MATERIAL FOR THE TASK:
____
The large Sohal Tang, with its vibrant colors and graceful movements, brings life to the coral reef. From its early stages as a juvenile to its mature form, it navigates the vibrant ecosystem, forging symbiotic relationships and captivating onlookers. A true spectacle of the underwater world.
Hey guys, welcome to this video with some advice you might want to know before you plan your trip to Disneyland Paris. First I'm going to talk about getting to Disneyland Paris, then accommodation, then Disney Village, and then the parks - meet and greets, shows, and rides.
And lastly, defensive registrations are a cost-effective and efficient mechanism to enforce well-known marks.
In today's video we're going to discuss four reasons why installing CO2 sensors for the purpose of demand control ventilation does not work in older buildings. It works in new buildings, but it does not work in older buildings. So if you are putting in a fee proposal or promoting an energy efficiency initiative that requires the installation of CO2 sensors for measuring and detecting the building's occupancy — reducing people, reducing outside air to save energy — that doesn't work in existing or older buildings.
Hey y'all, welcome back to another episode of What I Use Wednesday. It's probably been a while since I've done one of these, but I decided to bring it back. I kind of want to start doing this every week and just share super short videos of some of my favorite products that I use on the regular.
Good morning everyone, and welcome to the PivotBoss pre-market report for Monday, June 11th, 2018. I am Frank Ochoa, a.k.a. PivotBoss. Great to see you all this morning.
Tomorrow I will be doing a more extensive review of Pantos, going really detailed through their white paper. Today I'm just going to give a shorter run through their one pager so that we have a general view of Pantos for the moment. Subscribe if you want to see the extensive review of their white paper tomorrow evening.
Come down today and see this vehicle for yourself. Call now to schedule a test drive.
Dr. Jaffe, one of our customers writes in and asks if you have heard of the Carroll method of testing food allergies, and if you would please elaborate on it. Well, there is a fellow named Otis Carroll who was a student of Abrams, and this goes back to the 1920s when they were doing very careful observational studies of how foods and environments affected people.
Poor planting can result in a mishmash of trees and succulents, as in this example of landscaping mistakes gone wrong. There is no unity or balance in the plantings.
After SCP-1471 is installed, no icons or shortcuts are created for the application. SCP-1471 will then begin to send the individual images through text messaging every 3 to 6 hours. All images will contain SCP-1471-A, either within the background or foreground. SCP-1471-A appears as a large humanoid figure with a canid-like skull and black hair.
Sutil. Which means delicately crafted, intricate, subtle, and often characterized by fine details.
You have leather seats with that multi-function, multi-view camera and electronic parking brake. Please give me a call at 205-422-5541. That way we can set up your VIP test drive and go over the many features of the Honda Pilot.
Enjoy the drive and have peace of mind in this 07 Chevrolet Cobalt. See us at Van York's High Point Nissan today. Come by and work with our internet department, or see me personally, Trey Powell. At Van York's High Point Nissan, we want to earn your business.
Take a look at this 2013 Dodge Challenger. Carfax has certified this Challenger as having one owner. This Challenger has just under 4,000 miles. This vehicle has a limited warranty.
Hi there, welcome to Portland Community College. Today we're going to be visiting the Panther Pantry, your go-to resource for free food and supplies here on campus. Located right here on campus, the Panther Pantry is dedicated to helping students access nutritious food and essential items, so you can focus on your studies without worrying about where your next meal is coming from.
____
YOUR INSTRUCTIONS:
Look through the entries above and quote exactly the lines from the line with "Poor planting can" to the line with "Sutil. Which means", counting both of those lines.

THE ANSWER:
Poor planting can result in a mishmash of trees and succulents, as in this example of landscaping mistakes gone wrong. There is no unity or balance in the plantings.
After SCP-1471 is installed, no icons or shortcuts are created for the application. SCP-1471 will then begin to send the individual images through text messaging every 3 to 6 hours. All images will contain SCP-1471-A, either within the background or foreground. SCP-1471-A appears as a large humanoid figure with a canid-like skull and black hair.
Sutil. Which means delicately crafted, intricate, subtle, and often characterized by fine details.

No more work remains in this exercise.